I have worked with the Green Star tool every day since moving to Sydney in March. As of July, there were only 76 rated projects in Australia, and, needless to say, none are located in Forbes. Green Star can be a bit limiting since it was designed to address office buildings (education, retail, and other building type programs are forthcoming). However, it can also seem more rigorous than LEED, as it offers two ratings: one for design and another for the constructed building. Designing for sustainability is much easier than achieving it, let alone proving the achievement, which explains why thus far all six star-rated buildings are for design, not as-built. I have no doubt this will change soon.

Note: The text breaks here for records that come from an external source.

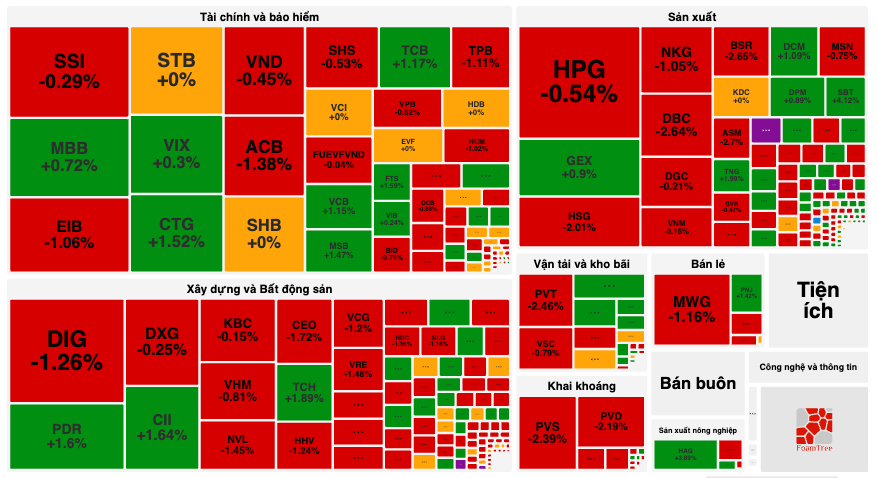 Áp lực bán gia tăng khiến VN-Index đứt mạch tăng 7 phiên liên tiếp.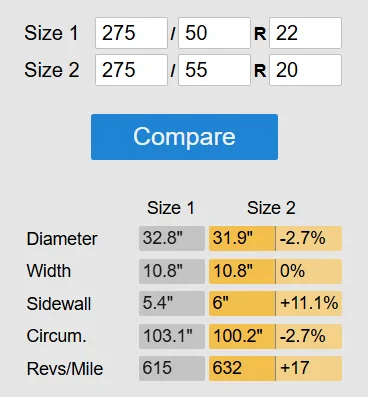 Rivian R1T R1S Range Against the Machine¹ - Rivian OEM Wheels, Tires, and Range Considered 1740751916435-mo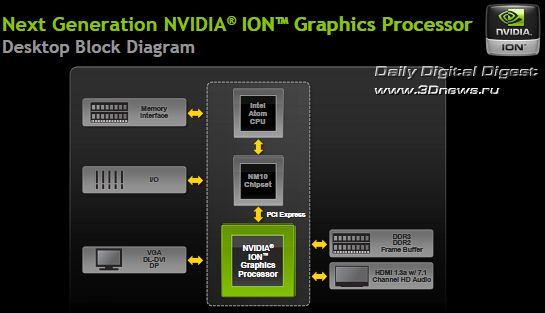 ion005.jpg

As a designer, I’m grateful to have something like Green Star to set some consensual benchmarks on my projects, as well as to prod some otherwise conventional clients into embracing technologies and strategies to make their buildings more amenable to people. After all, can we seriously consider increased daylighting and access to external views a luxurious design? I also think Green Star couldn’t have happened at a better time, as much of Australia’s relatively booming economy is tied to iron ore and coal exports to developing countries in Asia. When so much cash is piling up in Australian wallets, thanks to such an unsustainable basis for an economy, it stands to reason the building industry should try to chip away at Australia’s dependence on dirty coal-generated electricity. This alone is the reason the country’s per capita emissions rank the highest among Organization for Economic Cooperation and Development countries.
When I left New York City for Sydney, I thought I was going to find something exotic, a different way of looking at buildings, or some strange technology that hadn’t made it to the Northern Hemisphere. I didn’t find any of that. Instead, on July 4, when Americans were shooting off fireworks made in China, the Australian Government released a draft of the Garnaut Climate Change Review (www.garnautreview.org.au), a comprehensive report the government commissioned in April 2007 to analyze the challenges the country will face in the next 100 years due to climate change. The report garnered front-page headlines—as do many environmental issues in Australia—and public debate on the report’s key element, that of a mandated carbon emissions cap-and-trade scheme by 2010, has been equal parts vociferous and laudatory. I'm certain that Garnaut will be much discussed at the World Sustainable Building Conference, which just so happens to begin on September 21 in Melbourne.
Of course, mandated carbon trading is nothing new—the 2006 Stern Review on the Economics of Climate Change, produced for the U.K.’s government, proposed something similar for the global market—but surely it means something to the people of Forbes that their government is assuming some responsibility for the climate change that has forever altered the town’s fortunes. If you can get excited about a new honey factory, maybe it’s possible to get excited about the prospects of carbon trading. I don’t know, but I’m certainly glad Australia is willing to try.